Pole signs that exceed five (5) feet in height.
(a)
Sign Location and Setbacks.
(1)
Freestanding signs shall be displayed on the premises to which the sign pertains along the public street abutting the property, but shall not be placed in a manner which obstructs vehicular or pedestrian visibility or traffic.
(2)
Signs shall not impede vision within the sight triangle.
(3)
No sign shall cover architectural detailing, windows, or building ornamentation.
(b)
Sign Lighting. Signs shall be lighted in accordance with the standards in Section 5.9, Exterior Lighting Standards, and the following:
(1)
Any external lighting used to illuminate signs shall be shielded so that the light source (light bulb) cannot be seen from abutting roads or properties.
(2)
Sign lighting shall not be designed or located to cause confusion with traffic lights.
(3)
Illumination of signs by floodlights or spotlights is permissible if none of the light emitted shines directly onto an adjoining property or into the eyes of the motorist using or entering public streets.
(4)
Illuminated signs shall have luminance no greater than three hundred (300) foot-candles as measured one (1) foot from the sign.
(5)
Illuminated signs shall not have lighting mechanisms that project more than 18 inches perpendicularly from any surface.
(6)
Illumination of signs shall be constant in intensity and color and shall not consist of flashing, animated, or changing lights.
(c)
Calculation of Sign Area.
(1)
Sign copy area square footage shall be calculated using standard geometry formulas for common shapes that include squares, rectangles, trapezoids, circles, and triangles. In the case of irregular shapes, the total sign area will be the area of the smallest common shape that encompasses the various components of the sign.
(2)
The supporting structure or bracing of a sign bearing no sign copy shall not be counted as a part of the sign copy area.
(3)
Signs with three (3) or more sign faces or with two (2) sign faces not computed as a single sign in accordance with subsection (d) below shall have a sign copy area that is the sum of all the sign faces.
(d)
Calculation of Number of Signs.
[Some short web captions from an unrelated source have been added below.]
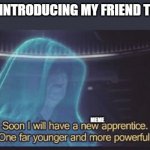 my new apprentice is doing well, | ME AFTER INTRODUCING MY FRIEND TO IMGFLIP; MEME | image tagged in soon i will have a new apprentice,revenge of the sith,starwars,imgflip | made w/ Imgflip meme maker
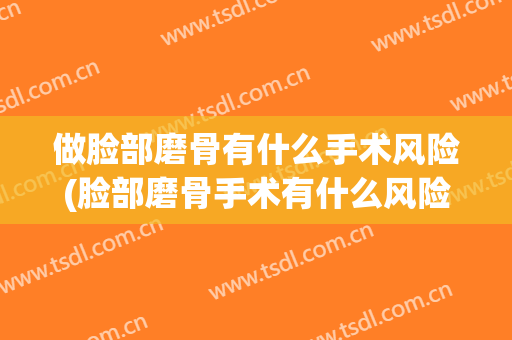 做脸部磨骨有什么手术风险(脸部磨骨手术有什么风险和后遗症)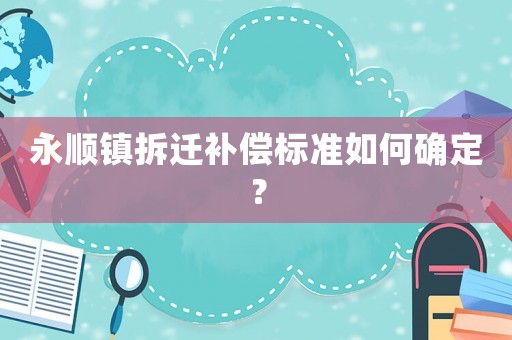 永順鎮拆遷補償標準如何確定？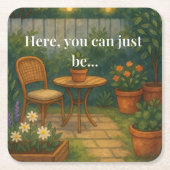 Cozy Garden Throw Pillow – 'Here, You Can Just Be' スクエアペーパーコースター (正面)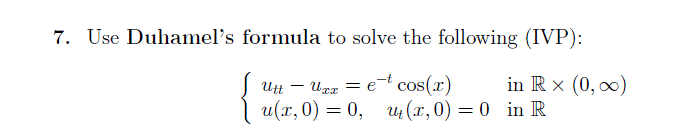 7. Use Duhamel's formula to solve the following (IVP):
Ugz = e¬t cos(x)
и(т, 0) — 0, и (т, 0) 3 0 in R
Utt
in R x (0, 00)
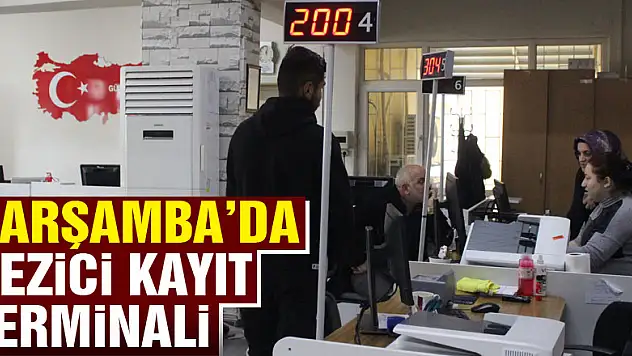 Çarşamba'da Gezici Kayıt Terminali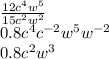 \frac{12c^4w^5}{15c^2w^2} \\0.8c^4c^{-2}w^5w^{-2}\\0.8c^2w^3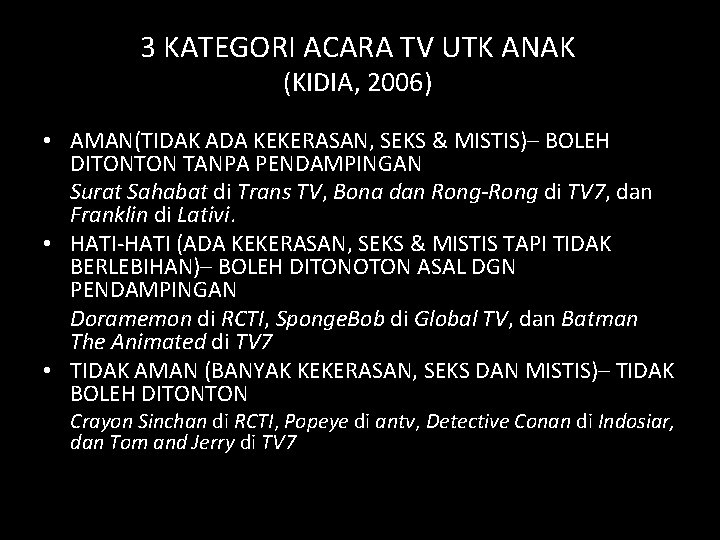 3 KATEGORI ACARA TV UTK ANAK (KIDIA, 2006) • AMAN(TIDAK ADA KEKERASAN, SEKS &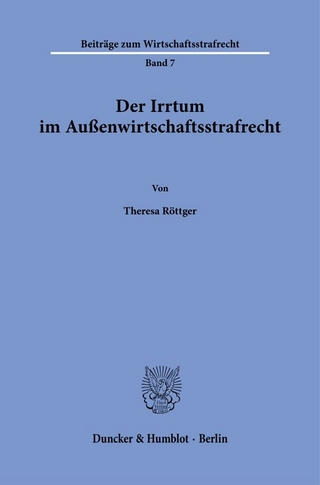 Der Irrtum im Außenwirtschaftsstrafrecht.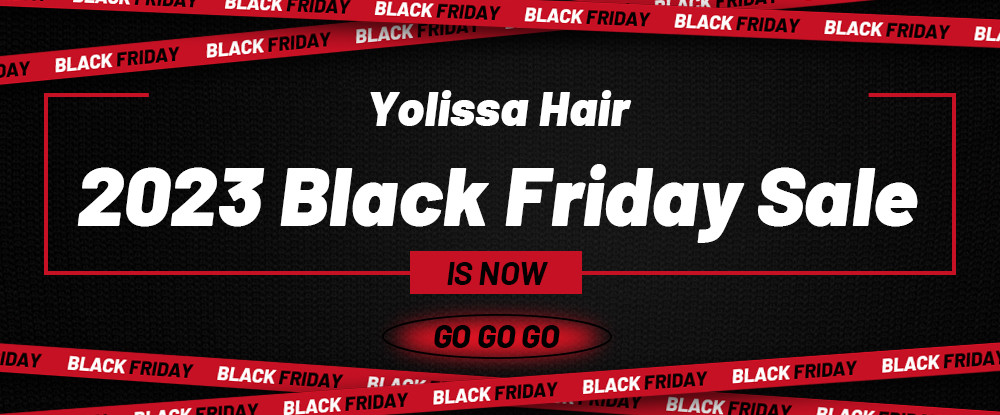 Yolissa Hair 2023 Black Friday Sale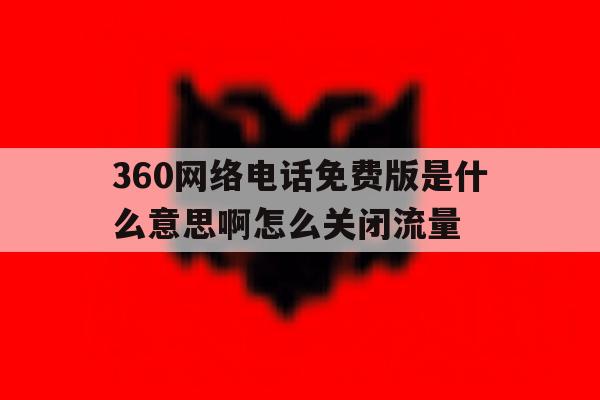 360网络电话免费版是什么意思啊怎么关闭流量 360网络电话免费版是什么意思啊怎么关闭流量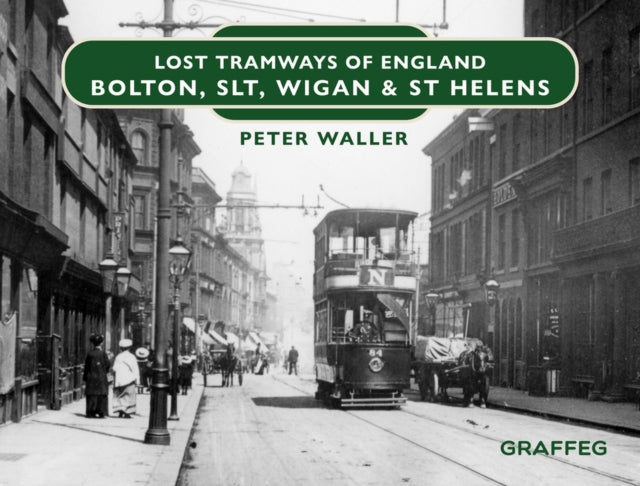 Lost Tramways Bolton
For the purpose of determining the number of signs, a single sign shall be construed to be a sign that has its copy area on one (1) side and contains elements organized, related, and composed to form a single unit. A sign with sign copy area on both sides shall be construed as a single sign provided both copy areas are not more than three (3) feet apart at their closest point, and that they describe an internal angle between the copy area planes extended to no more than thirty (30) degrees.
(e)
Calculation of Maximum Sign Number and Copy Area. When the maximum number of signs and the maximum allowable copy area for a lot or development in Sec. 5.14.6, Permitted Signs is specified, the maximum number of signs shall not be exceeded even though the maximum allowable copy area is not used. However, signs exempted from acquiring a sign permit and temporary signs permitted in Sec. 5.14.6 shall not be calculated in determining the maximum number and copy area of signs permitted on a lot or parcel.
(f)
Hanging Signs. Any sign that is hung over a sidewalk or walkway or another pedestrian pathway, such as an awning/canopy sign, a suspended sign, a marquee sign, or a projecting sign, shall have a minimum clearance of nine (9) feet above the finished grade of the sidewalk or walkway.
(g)
Safety. In addition to any requirements of this section, LDC, or other applicable law, no sign shall be erected, maintained, and placed in such a way as to pose a safety hazard.
(a)
General.
(1)
Signs are permitted to be displayed in the City in accordance with this Section 5.14.6.
(2)
In addition to the signs permitted for certain uses and zone districts in subsections (b) and (c) below, the following signs are permitted in the City without a sign permit:
(A)
Signs located entirely inside the premises of a building or enclosed space which are not readily visible from the exterior of the enclosed space or premises.
(B)
Signs on buses, taxis, and similar common carriers that are licensed or certified by a governmental entity, and vehicle signs, except for mobile billboard signs that are prohibited under this section.
(C)
Signs incorporated onto machinery and equipment by a manufacturer or distributer that identify the manufacturer or the product dispensed by the machine or equipment.
(b)
Residential Development. Signs are allowed on lots occupied by residential development (including one-family detached, townhouse, two-family, three-family, and four-family dwellings) and in residential subdivisions, in accordance with this section.
(1)
Residential Development Signs That Do Not Require a Permit. The following signs are allowed without issuance of a sign permit as listed in Table 5.14.6(b)(1): Residential Development Sign Standards (No Permit Required).
(2)
Residential Development Signs That Require a Permit. The following signs are allowed following issuance of a sign permit in accordance with Sec. 2.5.3(a), Sign Permit as listed in Table 5.14.6(b)(2): Residential Development Sign Standards (Permit Required).
(c)
Non-Residential and Mixed-Use Development. Signs are allowed on lots occupied by multifamily dwellings, non-residential development, and mixed-use development (including live-work dwellings) in accordance with this section.
(1)
Non-Residential and Mixed-Use Development Signs That Do Not Require a Permit. The following signs are allowed without issuance of a sign permit as listed in Table 5.14.6(c)(1): Non-Residential and Mixed-Use Development Sign Standards (No Permit Required).
(2)
Non-Residential and Mixed-Use Development Signs That Require a Permit.
(A)
The following signs are allowed following issuance of a sign permit in accordance with Sec. 2.5.3(a), Sign Permit, as listed in Table 5.14.6(c)(2): Non-Residential and Mixed-Use Development Sign Standards (Permit Required).
(B)
In addition to the standards in Table 5.14.6(c)(2), for multifamily development, the maximum sign area of all freestanding, wall, awning/canopy, and blade signs is seventy-five (75) square feet per street frontage.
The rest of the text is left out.